Smart Grids aim at monitoring and controlling electric power networks. Many parameters have to be monitored such as production and consumption units, and the integrity of the structure of the interconnection netwotk itself.

Smart grids aim at enhancing the quality of service while protecting people and infrastructures. In this area of research, most algorithms are deployed for taking the human out of the retroaction loops in order to maximize the availability and the reactivity. For that reason, artificial intelligence based algorithms are increasingly incorporated in decision loops.

In that industrial context, we are interested in methods that aim at estimating electrical network topologies. The topology of a network includes the length of the cable lines and their electrical properties, so as the characterictics of the loads that are connected to the networks (production and consumption units), and also potential faults in the network. In the end, the accurate estimation of the topology may be used to monitor the network with more accuracy with the help of a more accurate a priori information.

In order to characterize the topology, we propose to deploy either a single or a distributed set of electric reflectometers. These devices inject signals in the network under test and the study of the reflections gives information back which can be used to reveal the structure of the network. More precisely, every impedance discontinuity along the line wil cause partial reflections of the waves.

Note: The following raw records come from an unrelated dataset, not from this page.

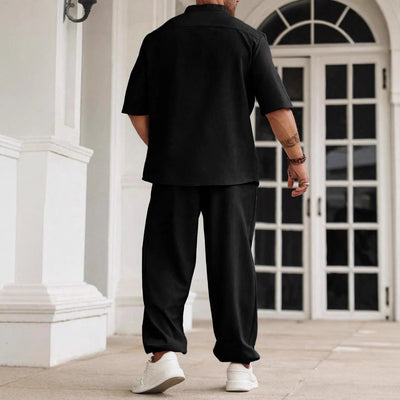 Men’s Casual Set – Cotton Linen Blend – Relaxed Fit – Short Sleeve Shirt & Trousers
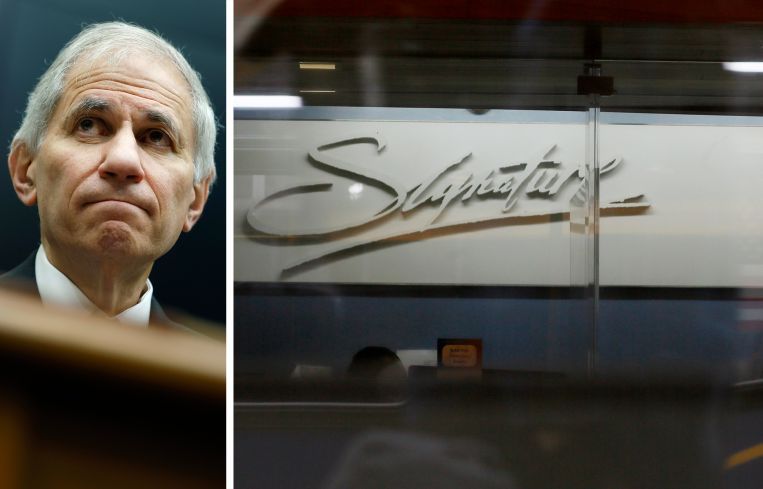 Former FDIC Chairman Martin Gruenberg and a Signature Bank branch.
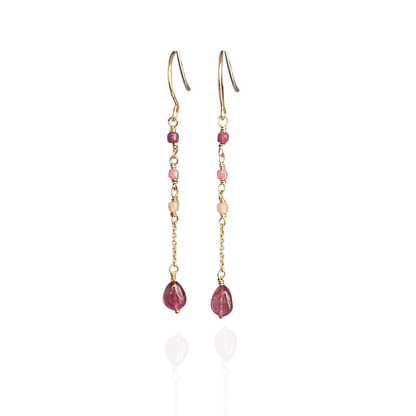 True Presence | Tourmaline Gold Chain Earrings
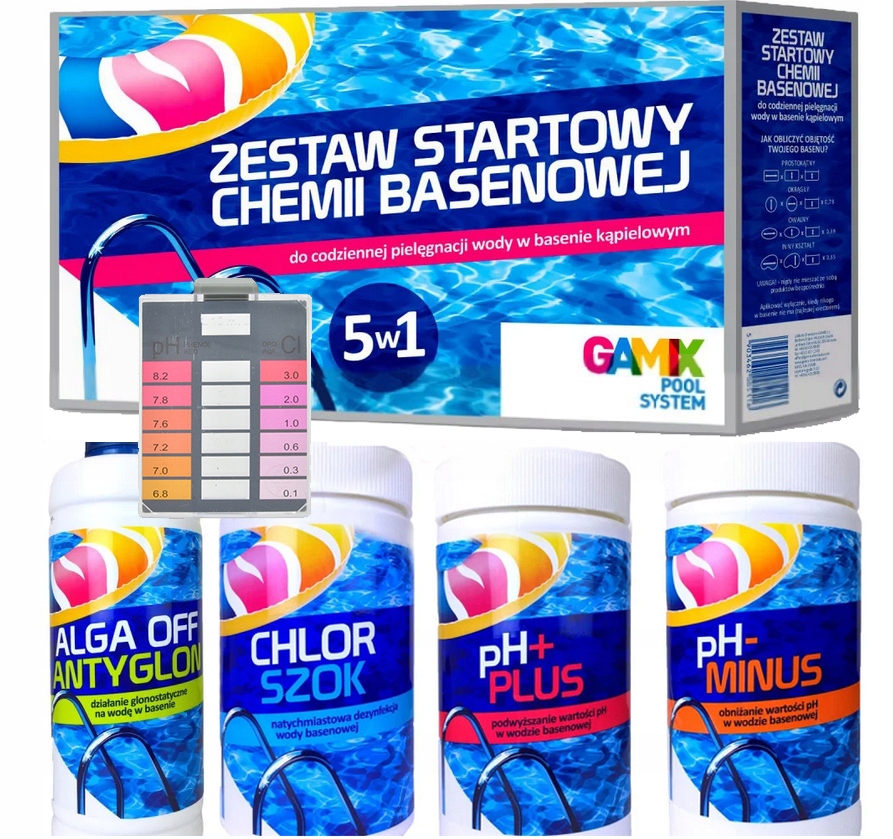 Стартовый комплект химия бассейна хлор тестер 5в1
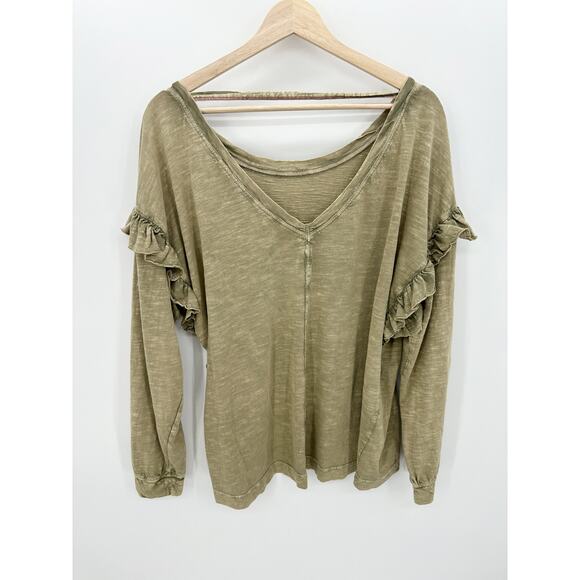 Pilcro Anthropologie Top Women Medium Moss Green Ruffled Open Back Tunic Tee - Picture 2 of 9
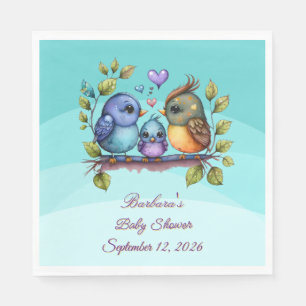 Servilleta De Papel Pájaros Turquesa Pastel
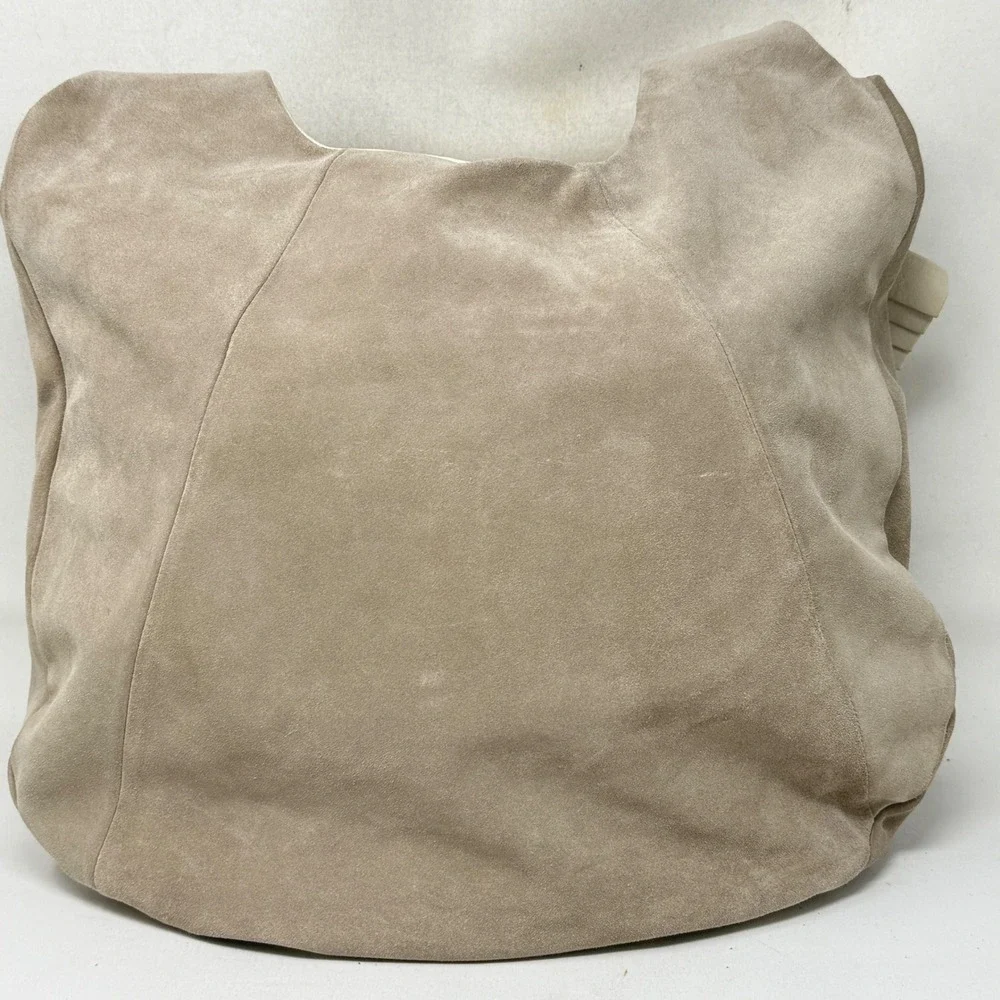 Renato Angi Beige Leather Ruffle Flower Double Handle Purse Shoulder Bag‎ NWT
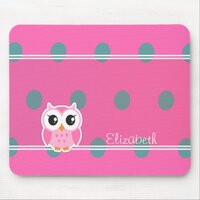 Cool Trendy Polka Dots With Cute Owl-Personalized Mouse Pad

Previous works were conducted by our team of researchers on that topology reconstruction topic, by exploiting optimization algorithms coupled to a simulator. We would like to extend these works in two directions. First, we would like to explore a machine learning regressor-based approach in a mono sensor version. Second, we would like to estimate the topology by combining the measurements from multiple sensors, either with already available optimization-based approachs, or by the new machine learning-based approach.